日本の若者は、自分の将来について明るい希望を持っておらず、将来、自分が幸福になれるとも思っていない。

 

こういう「社会観」や「自己意識」を持ってしまっている日本の若者たちを待っているのは、気候変動により毎年のように自然災害が襲って来る世界であり、少子高齢化が進み国際的な経済競争力が低下した日本の社会であり、日本的慣行から抜け出ることができないまま、他の先進国や新興国に追い抜かれていく企業社会です。

 

日本国政府や企業が、従来通りの学校教育では諸外国に太刀打ちできないと考え、「危機感」を抱いているのは明らかです。

 

そのために、英語教育改革や高校入試改革など、見切り発車的にバタバタやっているようですが、「自学ノート」の存在なども、そうした一連の出来事の一部であるようにも見えます。

 

とりあえず「自主性」を、勉学の上でも発揮してもらおうということなのでしょう。

 

でも、いま本当に必要なのは、親や子供に、この日本が置かれている状況に対する「危機感」を、共有してもらうことではないかという気もします。
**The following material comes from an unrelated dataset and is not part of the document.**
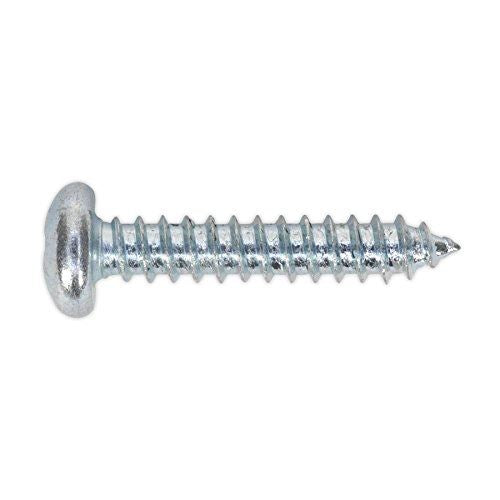 Self Tapping Screw 4.8 x 25mm Pan Head Pozi Zinc Pack of 100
そうすれば、将来のサバイバルのために、「自学ノート」で何をやればいいのか、そんなことも自ずとわかってくると思います。

 

「自学ノート」が目指すのは、子供たちの「自己肯定感」の向上なのか?

 

 誰かに言われたことをやるだけではダメ!

これからの社会で生き抜くには、問題を解決するために、様々な情報を集め、整理・分類し、自分なりに解決方法を探し、実践する力を身に着けることが大事!

「自学ノート」は、そのためにやるものらしいです!

 参考:「自学の進め方ハンドブック 教員用」

 

これって、大人たちも研究している「知的生産の技術」そのものではありませんか!

 

なるほど! 少し読めてきました。

 

自分の好きなテーマを選んで、いろいろ調べて理解するということを、粘り強く継続する。そのことを通して、自分の「成長」を実感して、「自己肯定感」を育てていく!

これですね!

「自学ノート」を書くことの究極の目的は、「達成感」「自己肯定感」を子供に持たせることなんですね! これならわかる!

 

そういえば「ゆとり教育」が叫ばれたのは、従来型の「詰め込み教育」が批判されたためでした。最近は、ゆとり教育の結果、子供たちの「学力の低下」が顕著になってきたため、ある程度の詰め込みは必要ということに、揺り戻しが来ていますが。

 

それでも「詰め込み(インプット)」だけでは実力がつかないというのは真実で、「アウトプット」することの重要性が、最近では認識されて来ています。

 

子供たちに「自学ノート」を書かせるのは、「アウトプット」の習慣付けなんですね!

 

詰め込んだものは、どんどんアウトプットしないと糞詰まりになってしまい、栄養を取り込めません。

 

いろいろなことをやってみて、成功だけでなく失敗を経験することも、子供にはいい経験だと思います。

失敗を恐れて何も始めないのではなく、何度でも「挑戦する」ことを体験的に知る。それを「自学ノート」で、自己決定を通して学んでいくこと。

 

「自学ノート」は、目的を理解したうえで実践する、あるいはさせるなら、有意義らしいことはわかりました。

 

問題は、その「やらせ方」にあるように思います。

 

 アウトプットの仕方を、子供たちに具体的にいろいろな事例を示して教える時間をたっぷり取る必要があると思います。

それも一度きりではなく、「自学ノート」を進めていく過程で、何度も!

 

そうすれば、子供たちがネットで、「自学ノート」のネタを教えて!とSOSを発することも、なくなりそうな気がします。